#### [TASK TO CARRY OUT]
When you reach the line containing "Cerbonny Reusable Lunch", start transcribing exactly and continue through the last line of the data, skipping every picture.

================================

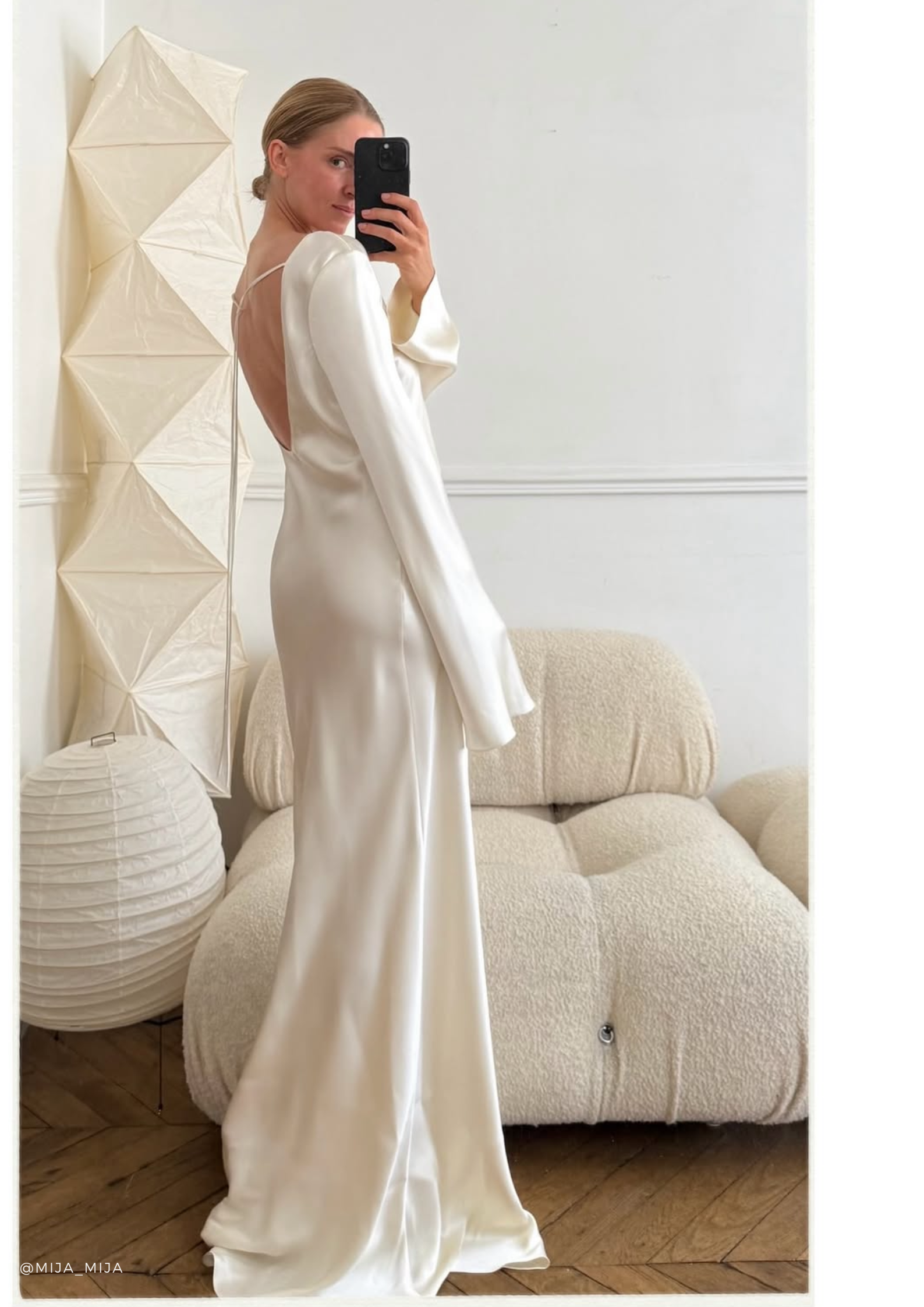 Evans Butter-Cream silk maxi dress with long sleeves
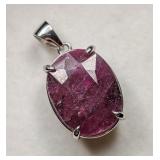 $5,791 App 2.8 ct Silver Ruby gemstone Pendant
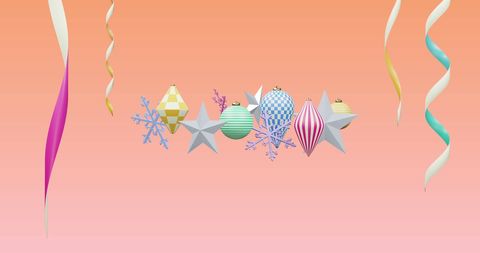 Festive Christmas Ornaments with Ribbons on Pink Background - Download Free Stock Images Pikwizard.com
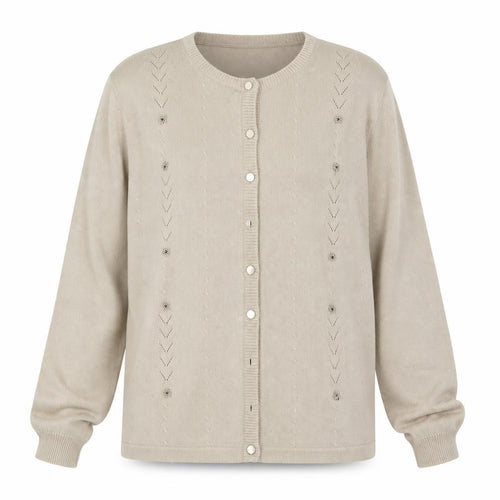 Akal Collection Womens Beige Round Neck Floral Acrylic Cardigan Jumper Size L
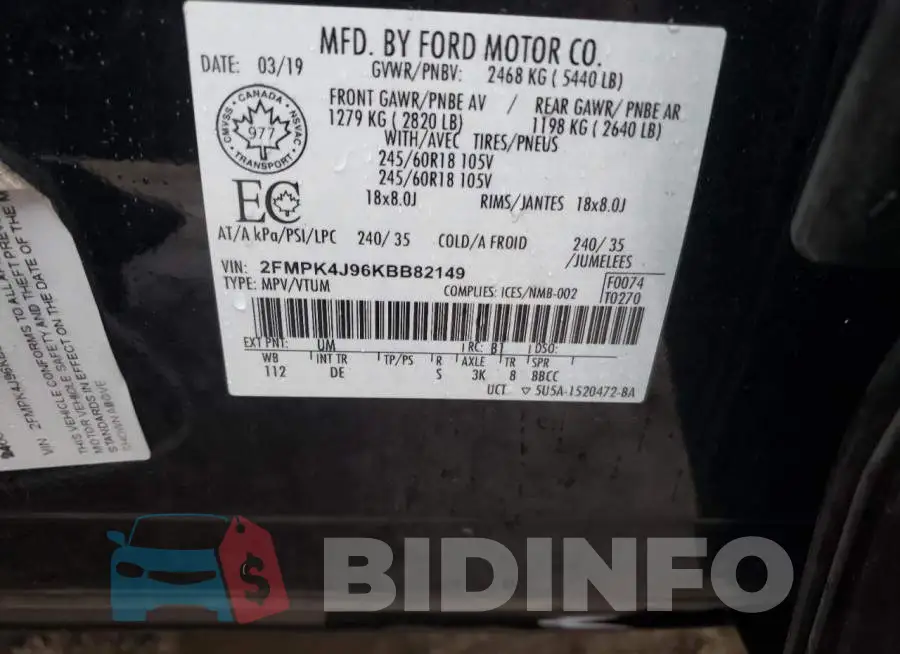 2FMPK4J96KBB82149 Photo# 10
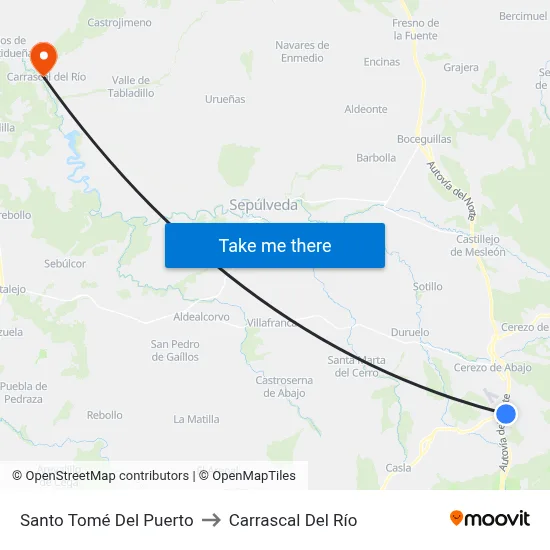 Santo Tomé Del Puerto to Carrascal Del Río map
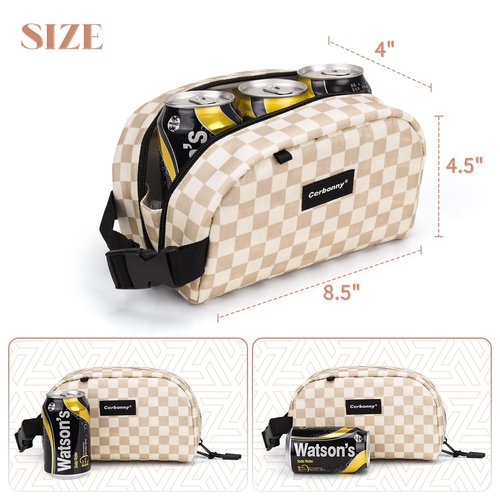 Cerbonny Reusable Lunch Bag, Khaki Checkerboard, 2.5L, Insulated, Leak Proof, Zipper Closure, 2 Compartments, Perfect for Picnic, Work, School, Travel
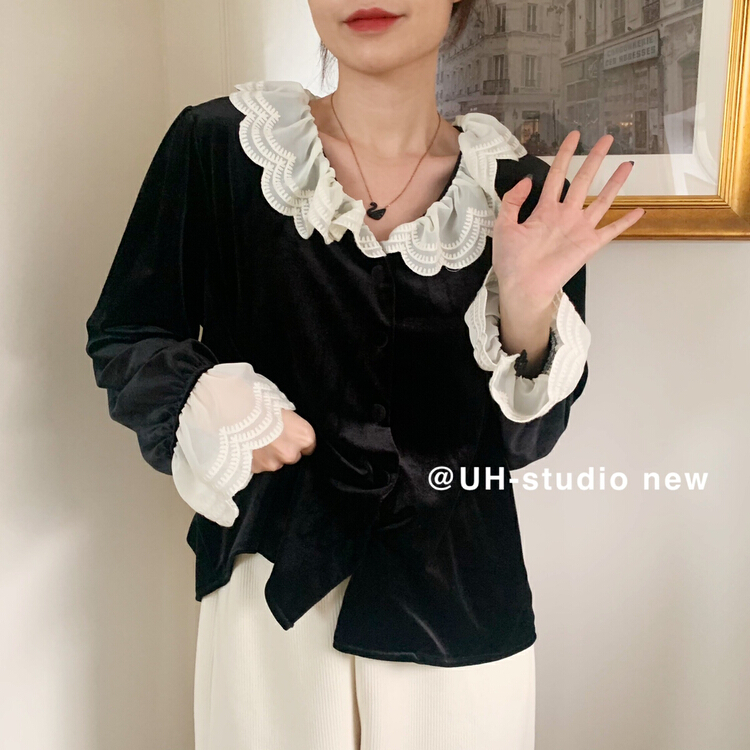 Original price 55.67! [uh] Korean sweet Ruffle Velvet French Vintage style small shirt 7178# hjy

================================

#### [TASK RESPONSE]
 Cerbonny Reusable Lunch Bag, Khaki Checkerboard, 2.5L, Insulated, Leak Proof, Zipper Closure, 2 Compartments, Perfect for Picnic, Work, School, Travel
 Original price 55.67! [uh] Korean sweet Ruffle Velvet French Vintage style small shirt 7178# hjy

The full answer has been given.